Outro fator que mostra que a perseguição sofrida por Galileu não foi devido às suas descobertas científicas vem do fato de que ele nunca refutou o Aristotelismo, pois não conseguiu fornecer uma resposta satisfatória para o principal argumento de Aristóteles: a paralaxe que deveria ser observada nas posições das estrelas à medida que a Terra se movia em órbita em torno do Sol.

O evento envolvendo Galileu e a Inquisição nos revela uma série de verdades sobre fatos históricos. Ele não foi perseguido pela sua ciência, mas sim por defender uma flexibilidade com respeito às interpretações das Escrituras e a autonomia da ciência para interpretar os fenômenos naturais. A lição que aprendemos nos ajuda a compreender fenômenos sociais atuais, em que autoridades, incapazes de lidar com as mídias sociais, discutem o controle dessas redes, apelando para conceitos vagos, como fake news.
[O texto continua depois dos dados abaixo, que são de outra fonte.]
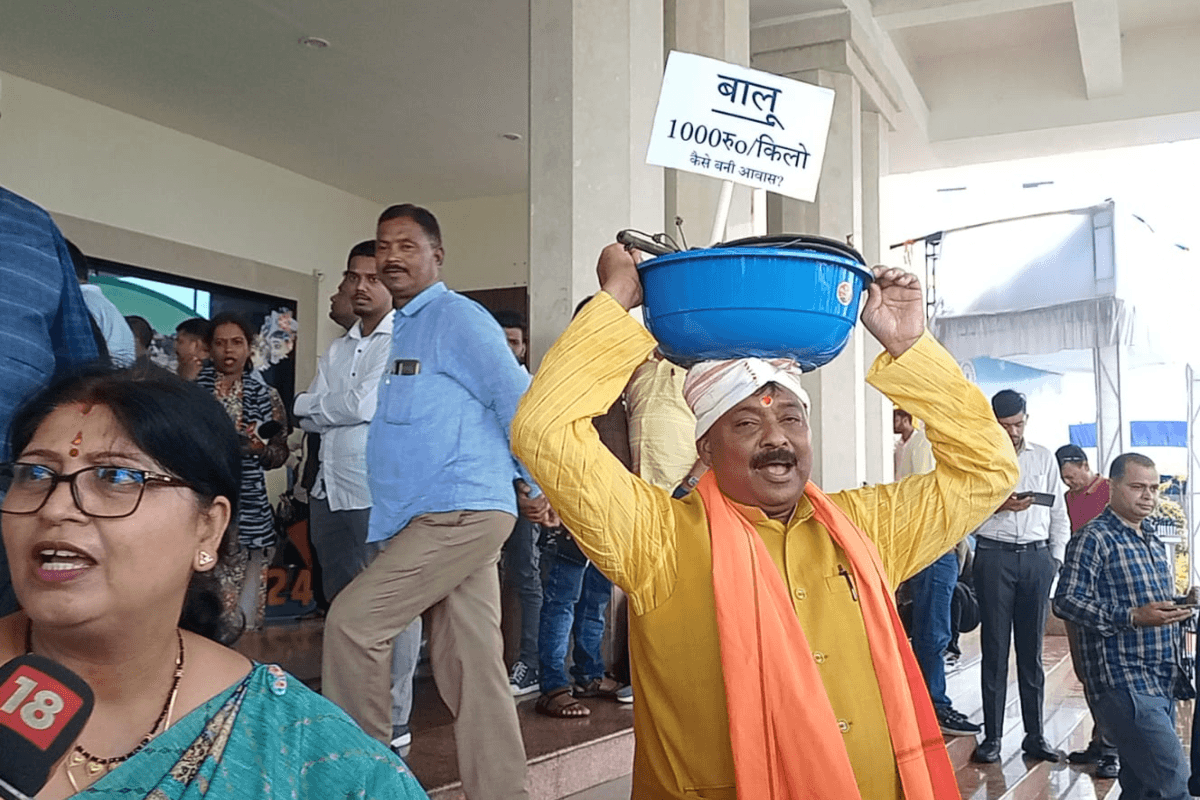 विधानसभा सत्र के आखिरी दिन, विधायकों ने 1000 रुपये किलो बेचा बालू, चुनाव से पहले सरकार-विपक्ष की जोर आजमाइश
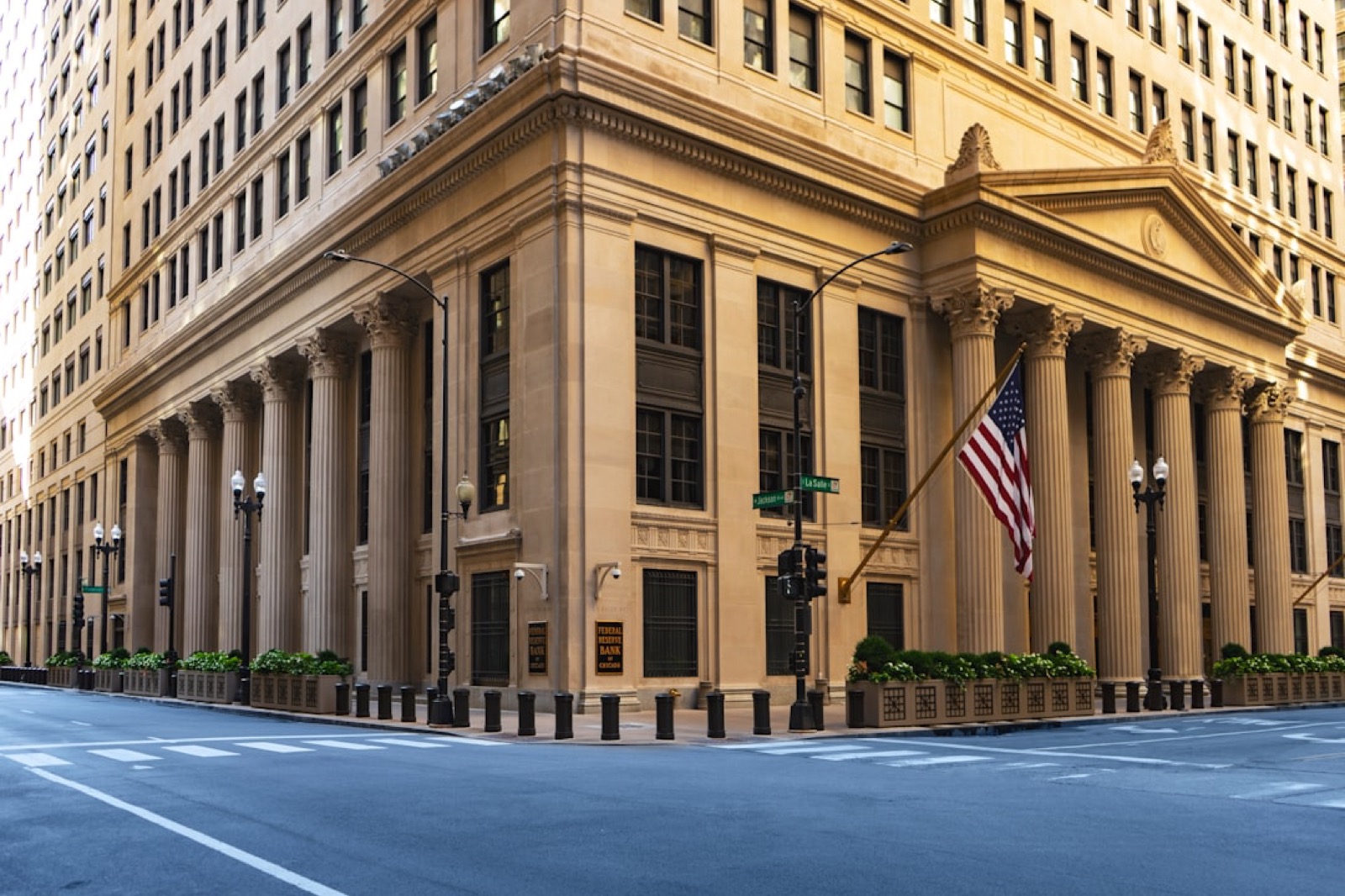 Fed Rate Hike Impact on Stocks: What Moves, Why, and by How Much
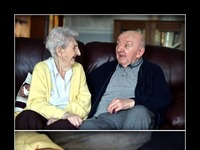 98-letnia kobieta wprowadziła się do domu opieki, by zatroszczyć się o swojego 80-letniego syna!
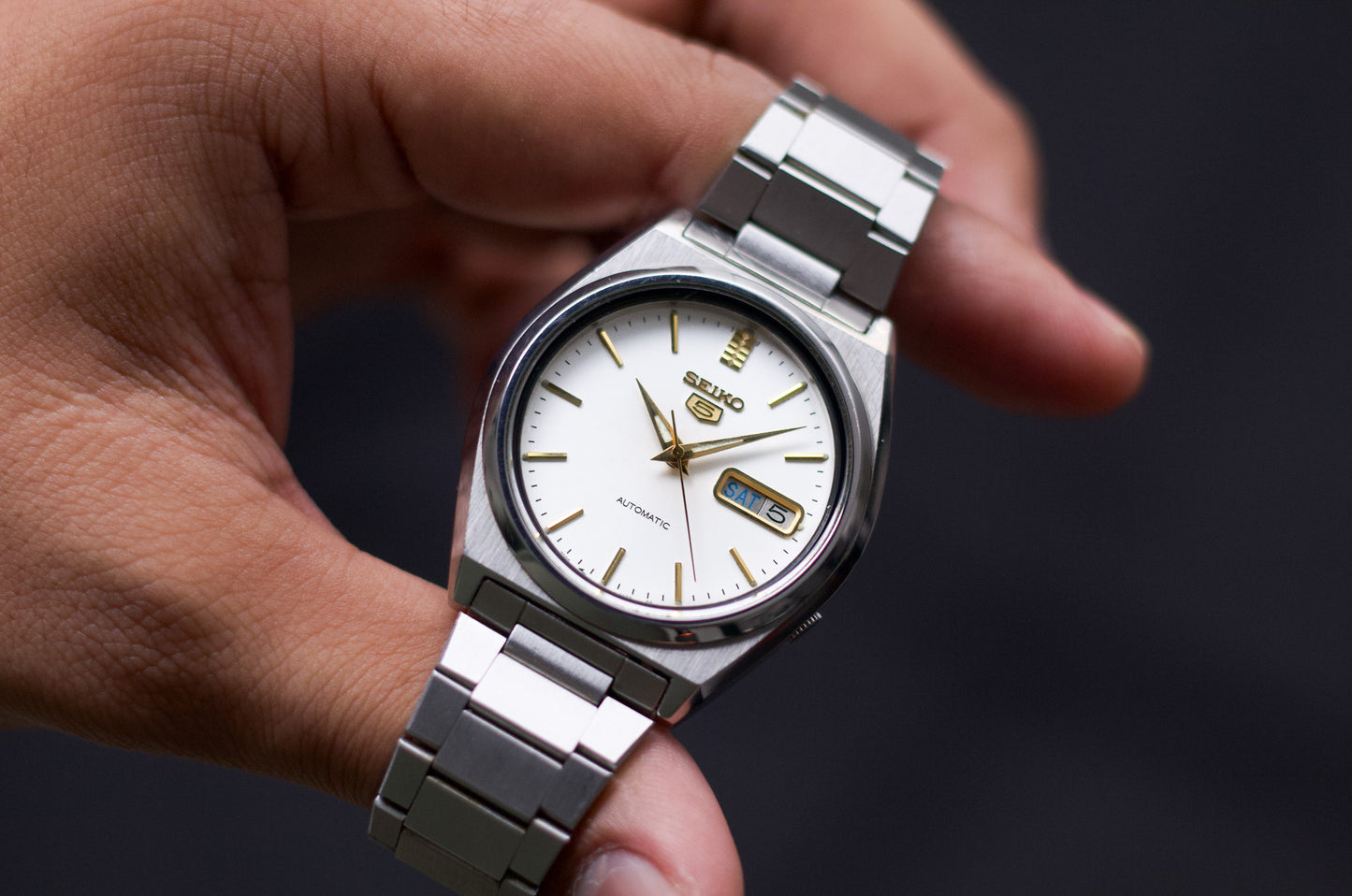 1990 Seiko 5 Automatic Silver Sunburst Dial Men's Wrist-Watch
Portanto, embora reconheça a necessidade de criar mecanismos mais eficientes para punir a disseminação de notícias falsas, creio que censurar quem pensa diferente tende a ser tão ineficiente quanto foi nos tempos de Galileu. A circulação livre de ideias é essencial para a produção de novos conhecimentos e para o progresso científico, filosófico e social.